Obras estão paradas (Foto: Carlos Grevi)
“Quando há cortes nos orçamentos das universidades estamos decretando, na verdade, a morte da ciência, da tecnologia e da formação e qualificação de quadros de excelência para o nosso país, ou seja, comprometemos o desenvolvimento econômico, político, social, científico e tecnológico do Brasil. Então é muito grave quando não se investe na educação dos nossos filhos. E eu falo aqui dos filhos do Brasil, dos brasileiros.” O desabafo é do professor Roberto Rosendo, diretor da Universidade Federal Fluminense (UFF) de Campos, diante do corte de aproximadamente 19% na Lei Orçamentária Anual, aprovada pelo Congresso Nacional, nas verbas destinadas à UFF. Esse percentual é similar às reduções aplicadas às demais universidades federais.

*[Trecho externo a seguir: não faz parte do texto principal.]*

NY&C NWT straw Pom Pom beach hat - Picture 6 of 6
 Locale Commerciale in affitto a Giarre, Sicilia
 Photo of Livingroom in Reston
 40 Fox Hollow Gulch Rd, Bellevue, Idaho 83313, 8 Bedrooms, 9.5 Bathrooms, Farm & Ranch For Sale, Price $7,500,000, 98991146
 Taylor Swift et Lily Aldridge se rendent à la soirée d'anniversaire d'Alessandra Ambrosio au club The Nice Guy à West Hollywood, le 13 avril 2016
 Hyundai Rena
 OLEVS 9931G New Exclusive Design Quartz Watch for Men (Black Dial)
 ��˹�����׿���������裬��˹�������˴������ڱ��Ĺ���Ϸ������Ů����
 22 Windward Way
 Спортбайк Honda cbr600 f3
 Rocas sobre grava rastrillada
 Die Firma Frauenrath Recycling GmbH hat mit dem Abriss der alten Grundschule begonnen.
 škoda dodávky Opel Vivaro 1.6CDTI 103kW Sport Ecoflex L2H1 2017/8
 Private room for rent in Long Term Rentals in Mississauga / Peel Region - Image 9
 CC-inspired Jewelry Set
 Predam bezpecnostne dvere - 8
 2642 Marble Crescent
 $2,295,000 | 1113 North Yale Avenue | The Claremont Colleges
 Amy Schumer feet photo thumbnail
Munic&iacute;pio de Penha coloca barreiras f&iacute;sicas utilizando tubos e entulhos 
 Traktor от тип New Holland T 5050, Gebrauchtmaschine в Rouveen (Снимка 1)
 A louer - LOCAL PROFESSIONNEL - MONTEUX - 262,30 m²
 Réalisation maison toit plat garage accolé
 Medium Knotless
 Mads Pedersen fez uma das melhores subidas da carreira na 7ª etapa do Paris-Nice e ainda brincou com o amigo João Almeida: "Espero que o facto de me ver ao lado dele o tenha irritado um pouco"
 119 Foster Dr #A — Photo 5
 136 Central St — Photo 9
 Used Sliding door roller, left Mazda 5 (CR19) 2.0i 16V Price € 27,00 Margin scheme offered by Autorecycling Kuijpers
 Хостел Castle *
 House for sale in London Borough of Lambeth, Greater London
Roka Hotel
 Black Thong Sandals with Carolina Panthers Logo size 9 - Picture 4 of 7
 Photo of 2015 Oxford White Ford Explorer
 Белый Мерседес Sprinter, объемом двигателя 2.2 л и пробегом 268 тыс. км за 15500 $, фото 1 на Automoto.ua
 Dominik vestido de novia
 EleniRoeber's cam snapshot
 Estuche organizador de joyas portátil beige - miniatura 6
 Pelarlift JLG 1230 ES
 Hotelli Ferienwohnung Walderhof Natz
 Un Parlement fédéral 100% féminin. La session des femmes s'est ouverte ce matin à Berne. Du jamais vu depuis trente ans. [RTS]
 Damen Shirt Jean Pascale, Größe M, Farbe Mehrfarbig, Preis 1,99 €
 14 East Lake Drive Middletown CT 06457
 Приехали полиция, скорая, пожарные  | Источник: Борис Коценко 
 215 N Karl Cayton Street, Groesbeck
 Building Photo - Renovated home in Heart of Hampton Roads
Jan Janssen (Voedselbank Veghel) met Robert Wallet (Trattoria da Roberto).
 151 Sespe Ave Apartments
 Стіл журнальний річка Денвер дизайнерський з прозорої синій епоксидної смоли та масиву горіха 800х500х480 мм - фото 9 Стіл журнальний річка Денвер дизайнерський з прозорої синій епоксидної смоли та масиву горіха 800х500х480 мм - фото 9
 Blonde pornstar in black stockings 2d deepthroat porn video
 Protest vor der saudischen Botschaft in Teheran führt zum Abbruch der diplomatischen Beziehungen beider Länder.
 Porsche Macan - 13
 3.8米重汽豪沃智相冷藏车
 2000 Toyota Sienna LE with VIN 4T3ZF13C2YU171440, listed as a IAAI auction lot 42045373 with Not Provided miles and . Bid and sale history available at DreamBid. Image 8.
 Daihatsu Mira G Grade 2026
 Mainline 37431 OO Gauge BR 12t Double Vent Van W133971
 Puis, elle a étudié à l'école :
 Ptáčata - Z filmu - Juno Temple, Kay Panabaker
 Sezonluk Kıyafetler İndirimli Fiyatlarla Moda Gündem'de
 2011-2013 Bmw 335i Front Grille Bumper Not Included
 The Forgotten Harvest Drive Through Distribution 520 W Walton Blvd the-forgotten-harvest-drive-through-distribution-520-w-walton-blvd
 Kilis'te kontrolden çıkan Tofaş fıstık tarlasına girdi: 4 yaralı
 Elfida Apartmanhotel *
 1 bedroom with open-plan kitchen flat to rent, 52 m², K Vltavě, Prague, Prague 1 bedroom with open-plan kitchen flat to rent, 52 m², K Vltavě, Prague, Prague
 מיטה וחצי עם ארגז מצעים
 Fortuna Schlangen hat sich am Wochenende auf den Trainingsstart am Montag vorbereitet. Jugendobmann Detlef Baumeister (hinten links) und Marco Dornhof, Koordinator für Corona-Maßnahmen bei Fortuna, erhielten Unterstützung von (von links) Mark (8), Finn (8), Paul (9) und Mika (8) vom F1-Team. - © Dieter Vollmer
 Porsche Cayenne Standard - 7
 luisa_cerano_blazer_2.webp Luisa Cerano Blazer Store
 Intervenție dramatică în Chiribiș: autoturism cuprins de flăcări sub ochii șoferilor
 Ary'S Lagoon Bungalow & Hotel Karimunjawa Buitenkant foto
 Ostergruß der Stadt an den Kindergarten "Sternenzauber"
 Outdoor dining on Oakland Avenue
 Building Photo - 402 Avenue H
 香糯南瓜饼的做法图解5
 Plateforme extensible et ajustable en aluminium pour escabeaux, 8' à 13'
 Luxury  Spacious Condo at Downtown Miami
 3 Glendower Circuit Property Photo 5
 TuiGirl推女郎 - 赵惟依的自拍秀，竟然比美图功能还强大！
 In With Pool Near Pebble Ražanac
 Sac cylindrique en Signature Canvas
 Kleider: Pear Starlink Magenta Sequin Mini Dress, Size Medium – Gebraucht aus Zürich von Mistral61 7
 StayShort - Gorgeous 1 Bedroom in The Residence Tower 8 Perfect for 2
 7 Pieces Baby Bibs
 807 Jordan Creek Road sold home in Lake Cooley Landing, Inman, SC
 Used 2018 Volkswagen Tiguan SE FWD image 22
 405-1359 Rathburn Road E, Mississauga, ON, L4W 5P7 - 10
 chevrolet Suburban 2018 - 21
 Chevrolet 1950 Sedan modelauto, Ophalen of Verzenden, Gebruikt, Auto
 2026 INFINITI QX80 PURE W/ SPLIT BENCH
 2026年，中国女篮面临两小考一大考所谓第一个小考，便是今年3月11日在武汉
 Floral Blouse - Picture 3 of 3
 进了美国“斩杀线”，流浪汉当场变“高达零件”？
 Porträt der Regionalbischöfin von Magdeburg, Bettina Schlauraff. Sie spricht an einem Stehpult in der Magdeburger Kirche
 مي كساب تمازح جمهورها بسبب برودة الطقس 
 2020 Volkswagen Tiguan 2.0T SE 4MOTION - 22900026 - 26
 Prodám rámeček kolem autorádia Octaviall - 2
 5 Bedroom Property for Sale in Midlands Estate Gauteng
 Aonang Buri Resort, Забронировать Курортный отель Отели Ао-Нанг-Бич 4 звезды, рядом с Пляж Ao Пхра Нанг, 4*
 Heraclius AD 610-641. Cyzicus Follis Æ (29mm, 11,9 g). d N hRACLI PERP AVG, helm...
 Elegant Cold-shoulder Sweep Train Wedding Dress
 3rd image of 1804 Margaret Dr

Os recursos utilizados para gastos de custeio e de capital caíram de R$ 175,7 milhões para R$ 142,9 milhões, valor que é dividido para as 43 unidades da UFF em todo país e representa um corte de aproximadamente 32,9 milhões. Em Campos, a UFF tem hoje 3.330 alunos e nove cursos de graduação: Economia, Psicologia, Geográfica, Ciências Sociais, História e Serviço Social. Além disso, há ainda dois cursos de mestrado, sendo um de Geografia e outro em Desenvolvimento Regional, Ambiente e Políticas Públicas. Com o corte no orçamento, a universidade corre o risco de não conseguir pagar contas de água, energia elétrica e prestadores de serviços. Dessa forma há o risco de a universidade ser obrigada a deixar de oferecer alguns serviços e até cursos. Na capital, o corte levou a reitoria da Universidade Federal do Rio de Janeiro (UFRJ) a dizer que pode fechar as portas ainda este ano. Em Campos, o cenário é diferente, porém, não menos preocupante.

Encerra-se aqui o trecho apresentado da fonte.